Namun dengan melihat adanya potensi ini pemerintah berencana mengoptimalisasi tambahan penerimaan. Caranya dengan perubahan kebijakan, baik melalui peningkatan royalti maupun bea keluar.

"Nah itu yang nanti akan kita sedang bahas dengan Kementerian ESDM, ada berbagai mineral yang sedang kita lihat. Bisa bentuknya macam-macam, ada royalti, ada bea keluar, nanti akan kita finalkan, nanti kalau sudah final baru kita omongkan," katanya.

Salah satu yang sudah dipastikan adalah pengenaan bea keluar komoditas batubara berkisar antara 5% - 10%, yang akan diterapkan pada bulan ini. Selain itu juga ada rencana pengenaan pada komoditas lain seperti nikel, meski belum mau dikonfirmasi oleh Febrio.

"Itu (nikel) juga dalam pertimbangan, kita sedang pertimbangkan semuanya dengan Kementerian ESDM," tuturnya.

Windfall Profit Berujung Windfall Tax

Ketua Komisi XI DPR RI dari Fraksi Partai Golkar, Mukhamad Misbakhun mengakui bahwa kenaikan harga minyak juga berpotensi diimbangi oleh peningkatan harga komoditas ekspor Indonesia.

Harga komoditas seperti batu bara, minyak kelapa sawit, nikel, hingga produk pertanian seperti karet dan kopi biasanya ikut naik saat harga minyak mentah dunia meningkat.

Artinya, komoditas tersebut akan mendapatkan tambahan keuntungan dari lonjakan harga minyak (windfall profit).

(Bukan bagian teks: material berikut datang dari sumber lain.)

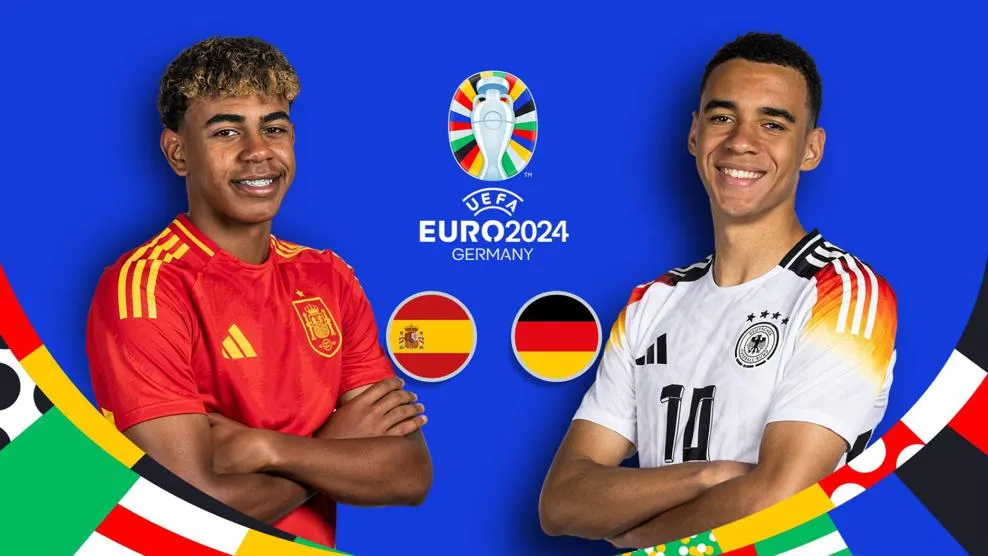 Spain vs Germany: The Battle of Titans at EURO 2024
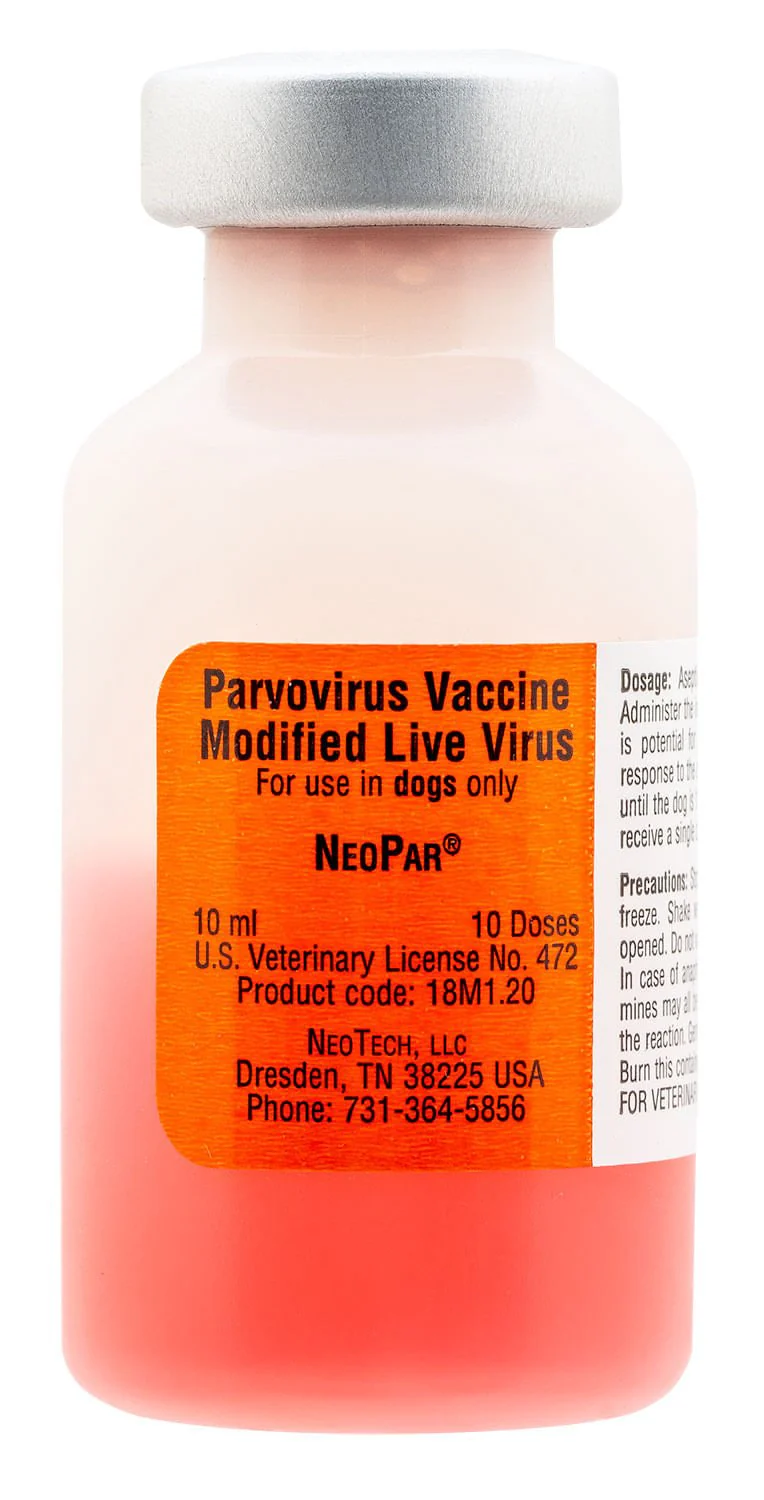 NeoPar Parvo Vaccine for Dogs - Healthber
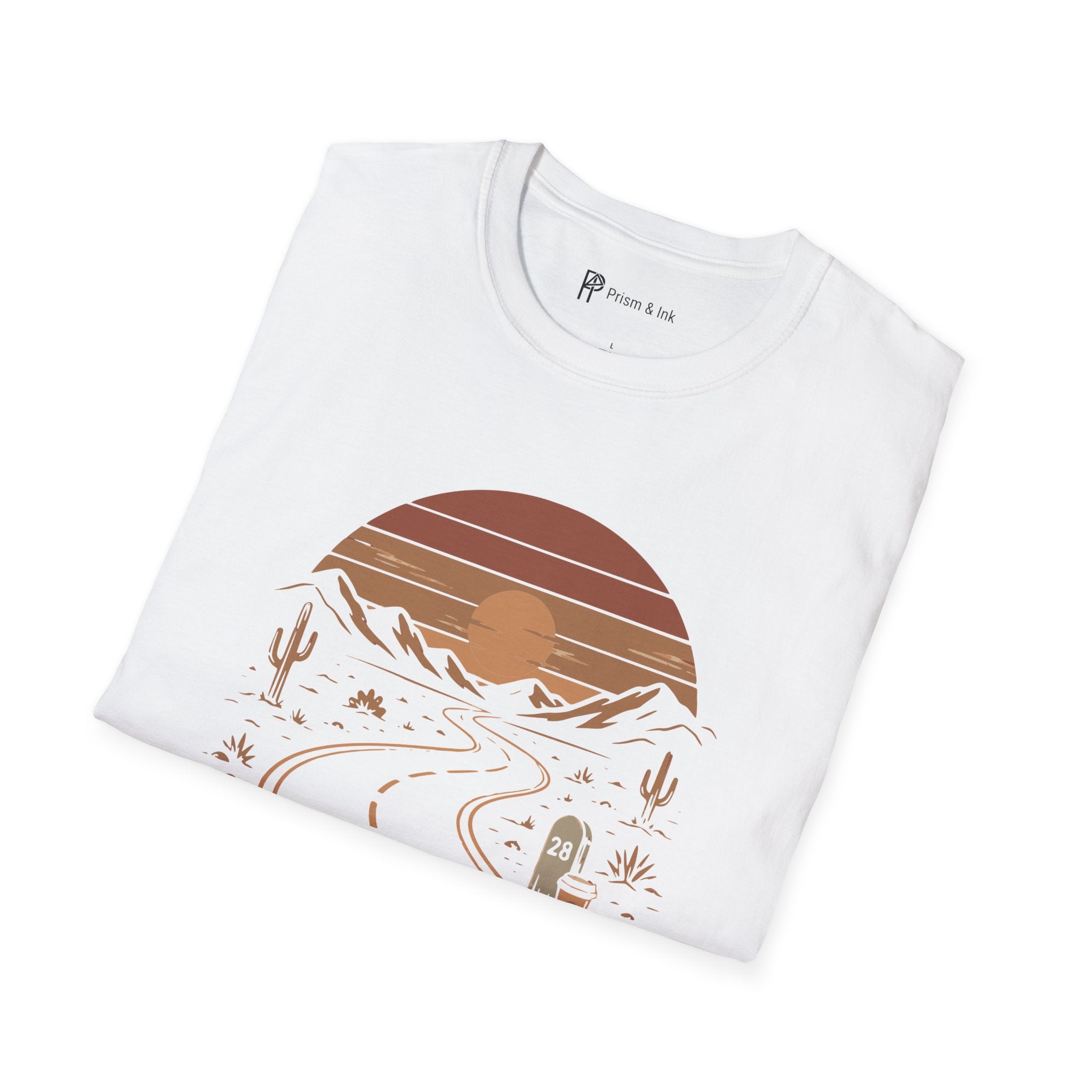 Not In A Hurry Desert Road Trip Coffee T-Shirt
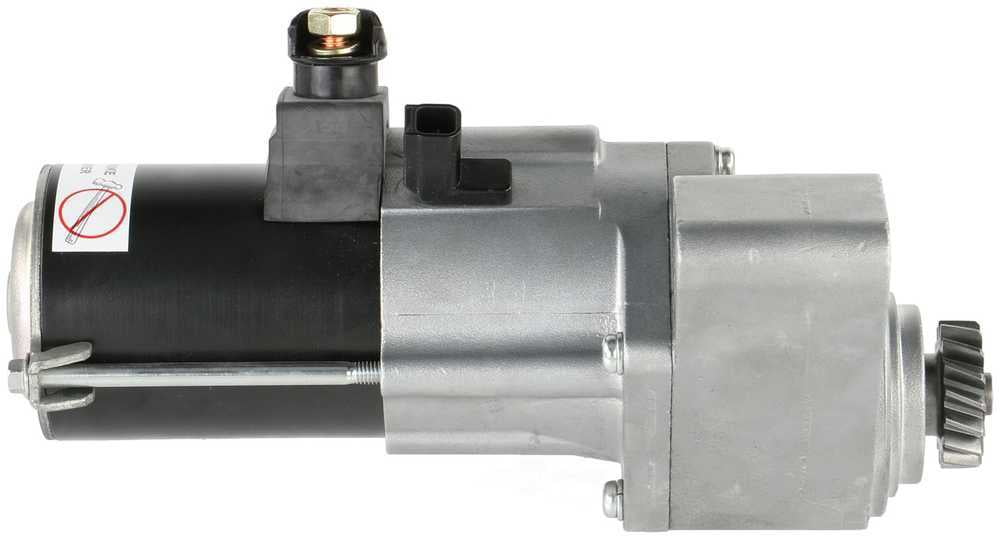 Bosch SR1362X Premium Starter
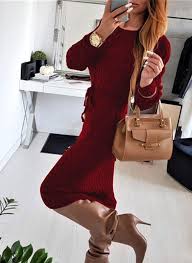 We did not find results for: Solid Cable Knit Round Neck Casual Long Tight Sweater Dress 1002322609 Sweaters 322609 Mifilly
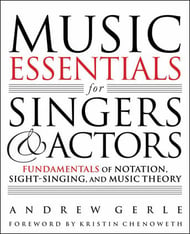 Music Essentials for Singers and Actors book cover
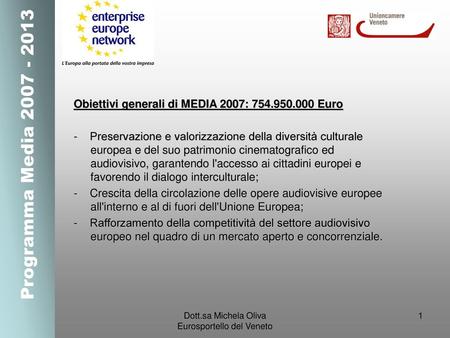 Dott.sa Michela Oliva Eurosportello del Veneto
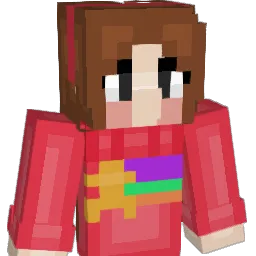 lovelylucyii Minecraft avatar bust
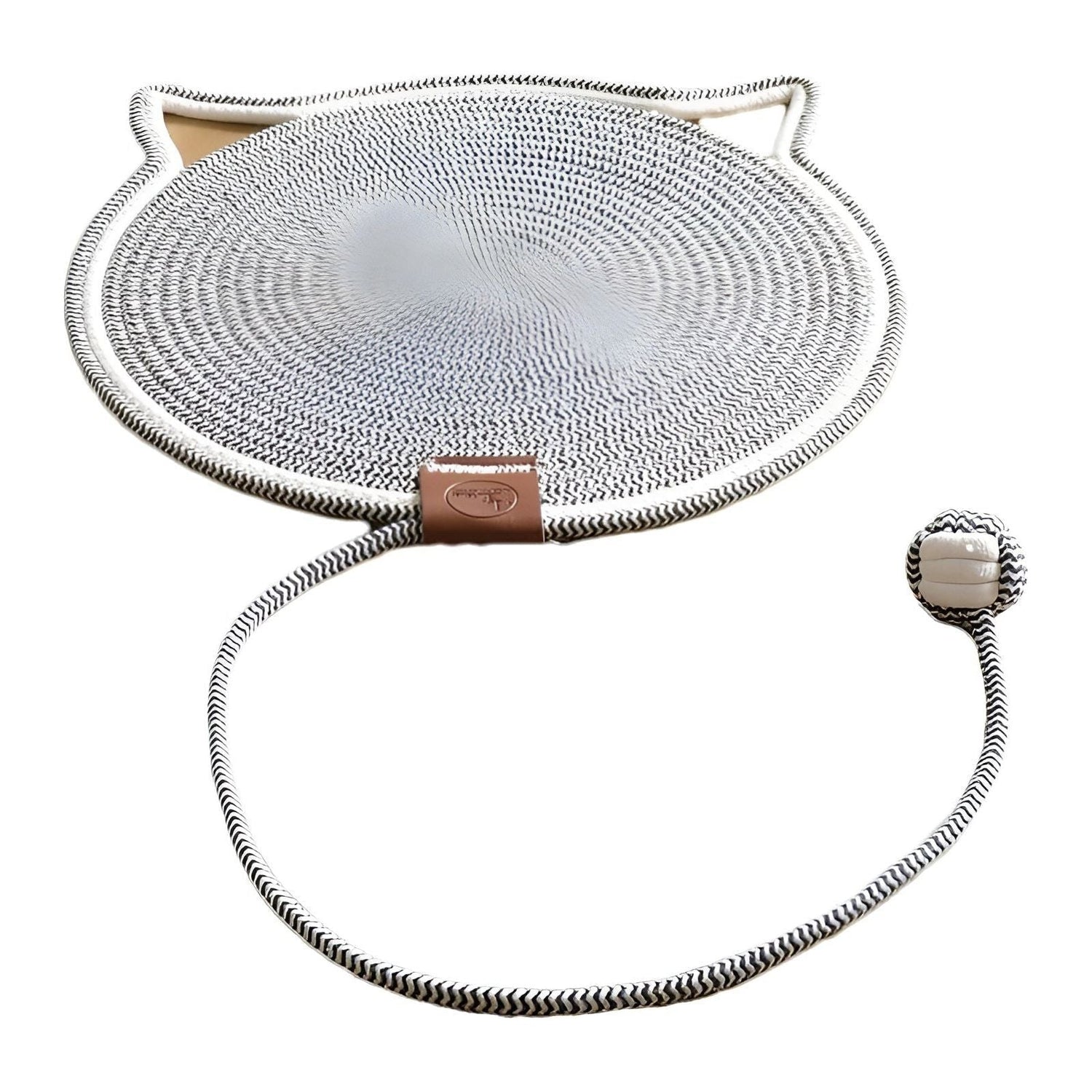 PurrRope Mat - Bomullrep Katt Klösmatta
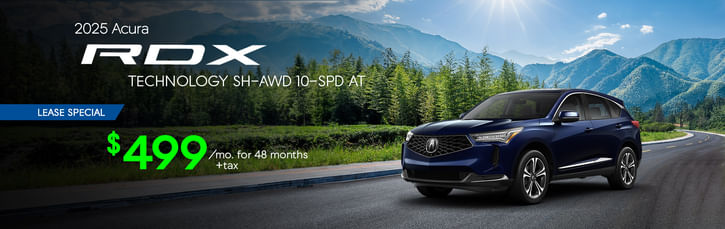 2025 RDX Lease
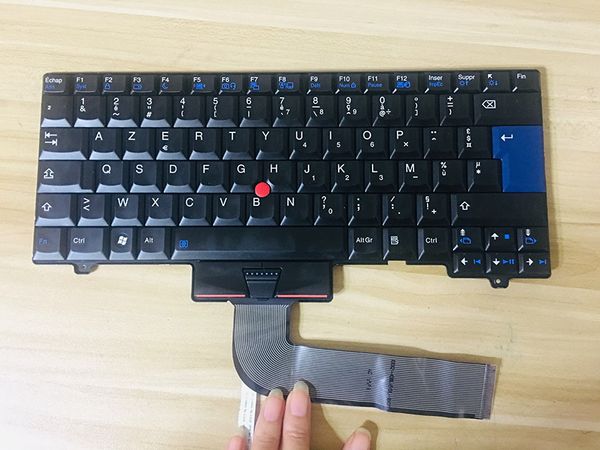 

new keyboard for lenovo thinkpad sl410 sl510 l410 l510 l412 l420 l421 l510 l512 l520 france/spanish layout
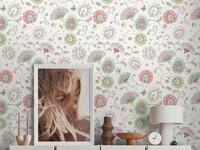 living walls Vliestapete House of Turnowsky Designer zarte Bl&uuml;mchentapete,...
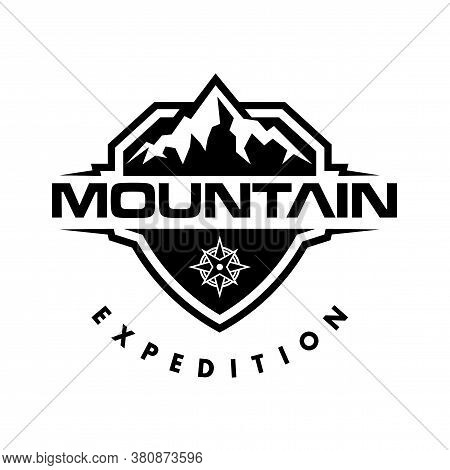 Mountain Logo And Adventure Logo Vector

Dengan kondisi itu, penerimaan negara dinilai masih dapat terjaga.

Misbakhun juga mengusulkan penerapan windfall tax atau pajak tambahan satu kali terhadap pelaku usaha sumber daya alam yang mendapat keuntungan besar dari kenaikan harga komoditas.

Menurutnya, penerapan windfall tax dinilai ideal karena pengelola sumber daya alam tersebut, yang mendapatkan konsesi dari pemerintah, juga mendapatkan keuntungan yang berlipat.

"Mereka berbagi beban di sini karena semua keuntungan bisnis yang diperoleh itu fasilitas negara. Penggunaan lahan hutan, penguasaan konsesi pertambangan, dan sebagainya," paparnya.